Company Profile
Freddie Mac was chartered by Congress in 1970 with a public mission to stabilize the nation's residential mortgage markets and expand opportunities for homeownership and affordable rental housing. Our statutory mission is to provide liquidity, stability and affordability to the U.S. housing market.
We participate in the secondary mortgage market by purchasing mortgage loans and mortgage-related securities for investment and by issuing guaranteed mortgage-related securities, principally those we call PCs. The secondary mortgage market consists of institutions engaged in buying and selling mortgages in the form of whole loans (i.e., mortgages that have not been securitized) and mortgage-related securities. We do not lend money directly to homeowners.
Business
In 1970, Congress created Freddie Mac with a few important goals in mind:
- Make sure that financial institutions have mortgage money to lend
- Make it easier for consumers to afford a decent house or apartment
- Stabilize residential mortgage markets in times of financial crisis
To fulfill this mission, Freddie Mac conducts business in the U.S. secondary mortgage market – meaning we do not originate loans – and works with a national network of mortgage lending customers. We have three business lines: a Single Family Credit Guarantee business for home loans; a Multifamily business for apartment financing; and an investment portfolio.

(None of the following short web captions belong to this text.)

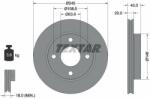 TEXTAR Disc frana TEXTAR PRO 92051003 (92051003)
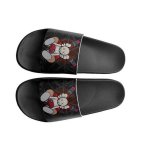 画像2: Unisex kaws flip flops soft bottom sandals slippers   ユニセックス男女兼用 カウズ プラットフォーム フリップフロップ  シャワー ビーチ サンダル  (2)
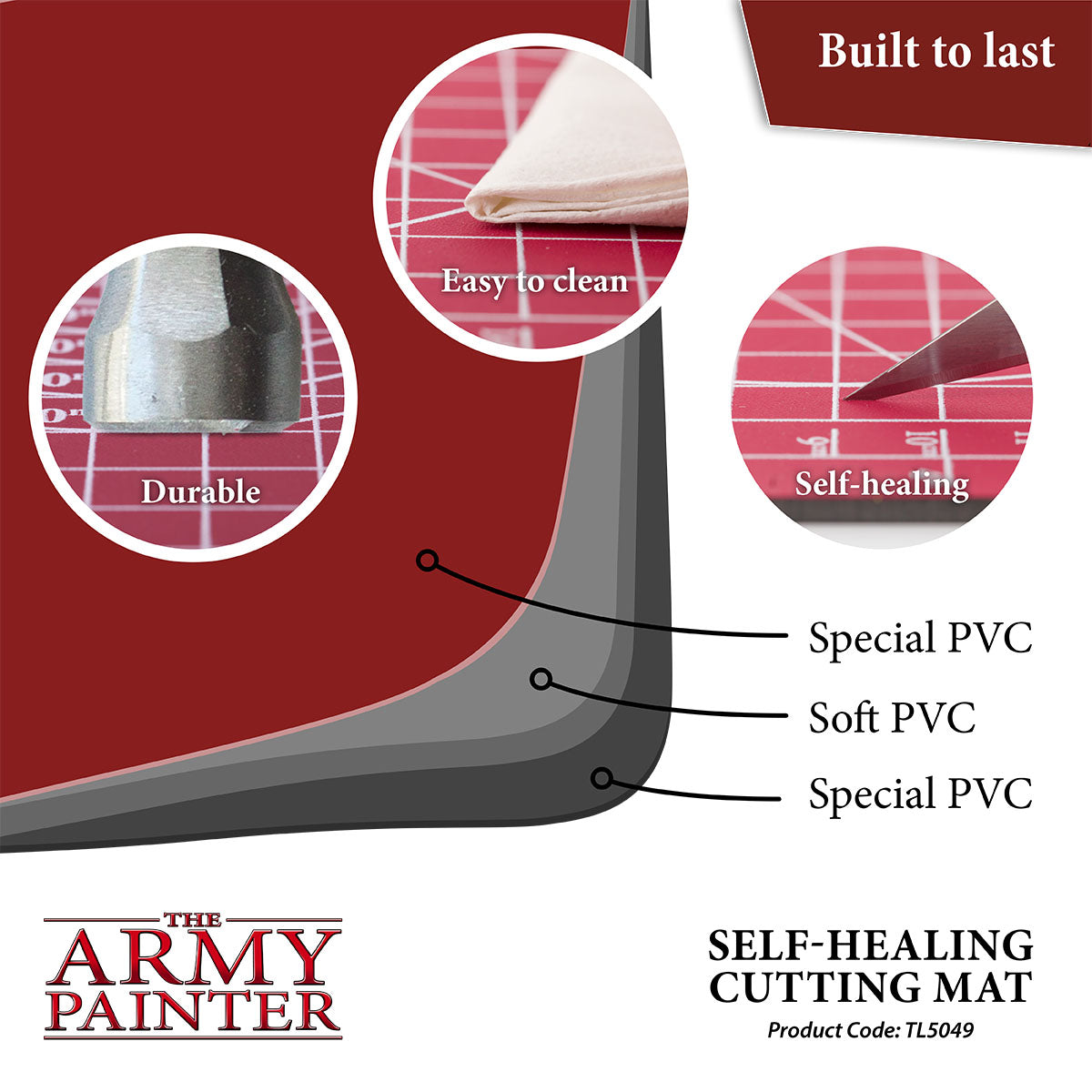 The Army Painter - Self-Healing Cutting Mat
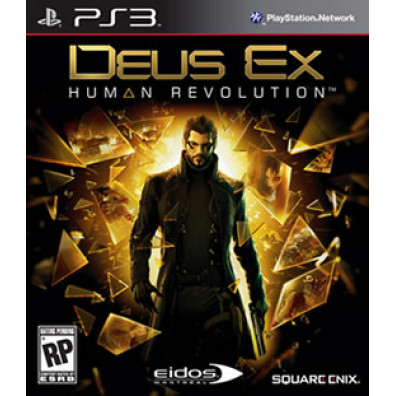 Deus Ex: Human Revolution PS3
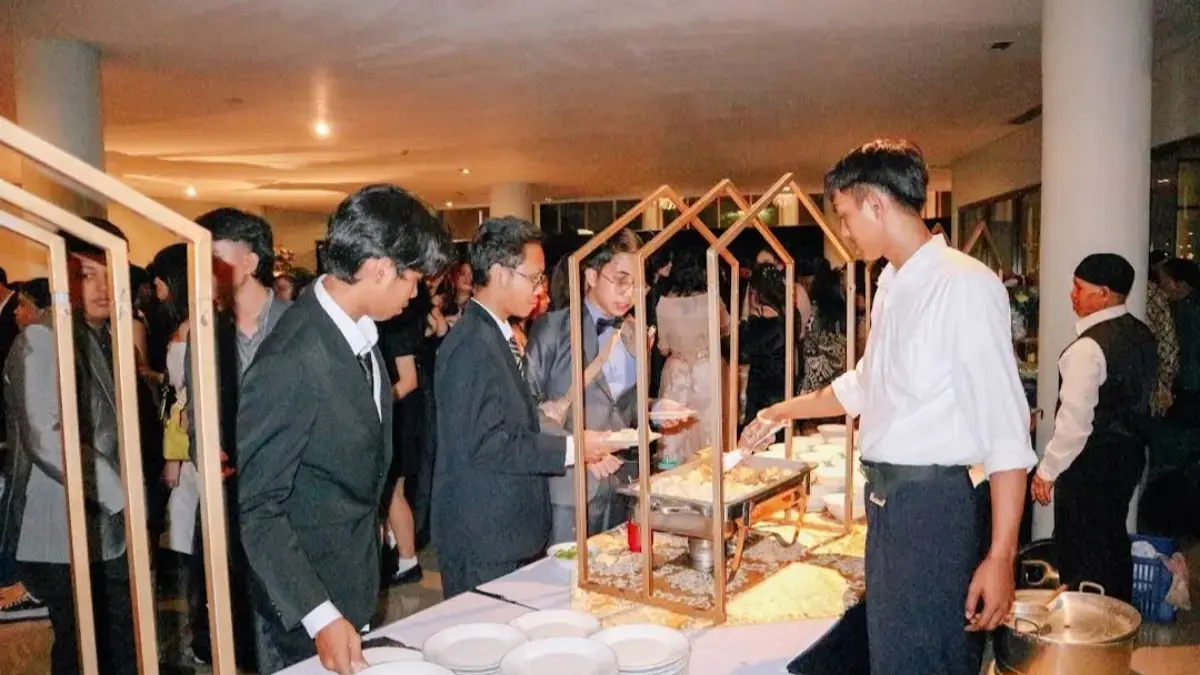 Persiapan pernikahan membutuhkan koordinasi berbagai vendor.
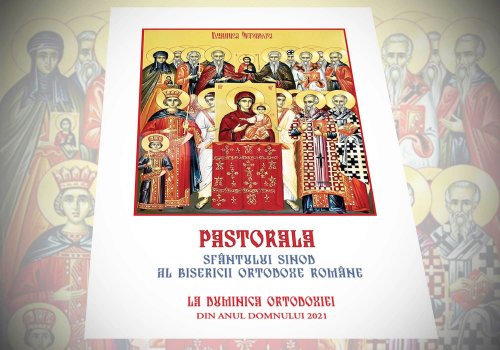 Prin icoană mărturisim Întruparea Domnului și îndumnezeirea omului Poza 166079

Learn more about the benefits of our mortgage funding.
Single-Family Credit Guarantee Business
In our Single-Family business, we use mortgage securitization to fund millions of home loans every year. Securitization is a process by which we purchase home loans that lenders originate, put these loans into mortgage securities that are sold in global capital markets, and recycle the proceeds back to lenders. This recycling is designed to ensure that lenders have mortgage money to lend.
In the first half of 2011, Freddie Mac purchased or guaranteed $178 billion in single-family home loans – funding one out of every four mortgages originated in the market. At the end of the second quarter 2011, our total outstanding obligations of mortgage-backed securities stood at $1.7 trillion.
What makes the securitization process work? Families paying their mortgages every month. Because once a family moves into their home, their monthly payments of mortgage principal and interest are transferred ultimately to securities investors. When a family stops making payments – often due to loss of income – Freddie Mac steps in and makes those payments to securities investors. Managing this risk, known as credit risk, is how we generate revenue. Each time we fund a loan, we collect a credit guarantee fee from the lender selling us the loan. This fee is intended to protect us in case of loan default.
Other features of this business line:
- We guarantee mortgages exclusively in the conventional conforming market, where we purchase loans only up to a certain dollar amount (for 2011, $417,000 for most of the nation and $729,750 in certain high-cost areas)
- The vast majority of the loans we fund are long term, fixed rate mortgages
- We generally require third-party mortgage insurance on loans with low downpayments
- We have loan servicing operations that work with lenders to avoid foreclosure, where possible, for families in financial difficulty
Multifamily Business
Since not everyone owns their own home, Freddie Mac supports renters, too. Through our Multifamily business, we work with a network of lenders to finance apartment buildings around the country. Like single-family loans, these lenders originate and close loans that Freddie Mac later purchases; lenders then use the proceeds to originate additional loans.
Unlike single-family loans, which are relatively small in dollar amount and standardized in their composition and underwriting, multifamily loans typically are several million dollars in size, have underwriting characteristics that vary from property to property, and require custom examination such as on-site property inspections and verification of income cash flows (i.e., rents). One other difference: while single-family borrowers are individual consumers, multifamily borrowers are property developers and/or managers.
In this business line, Freddie Mac finances most of its loan acquisitions through mortgage securitization. We also finance a portion through our investment portfolio.
During the first half of 2011, Freddie Mac funded nearly $8 billion in multifamily loans – financing approximately 126,000 apartment units.
Investment Business
The investment portfolio invests in mortgage-related securities that are guaranteed by Freddie Mac and other financial institutions. The portfolio also invests in individual loans that are guaranteed by Freddie Mac but not immediately securitized. As a bidder in the market, the investment portfolio helps to make mortgage-related securities more liquid and mortgage funding more available.
We fund acquisition of mortgage securities by issuing corporate debt securities. From this activity, we produce net income; that is, the difference between the interest payments we collect on the securities we buy and the yields we pay investors for buying our debt. In the first half of 2011, the investment portfolio had an ending balance of $685 billion – roughly one-third of which includes Freddie Mac mortgage-backed securities, known as Participation Certificates, guaranteed by the Single-Family and Multifamily businesses. During 2011, the investment portfolio can be no larger than $729 billion, per our regulator.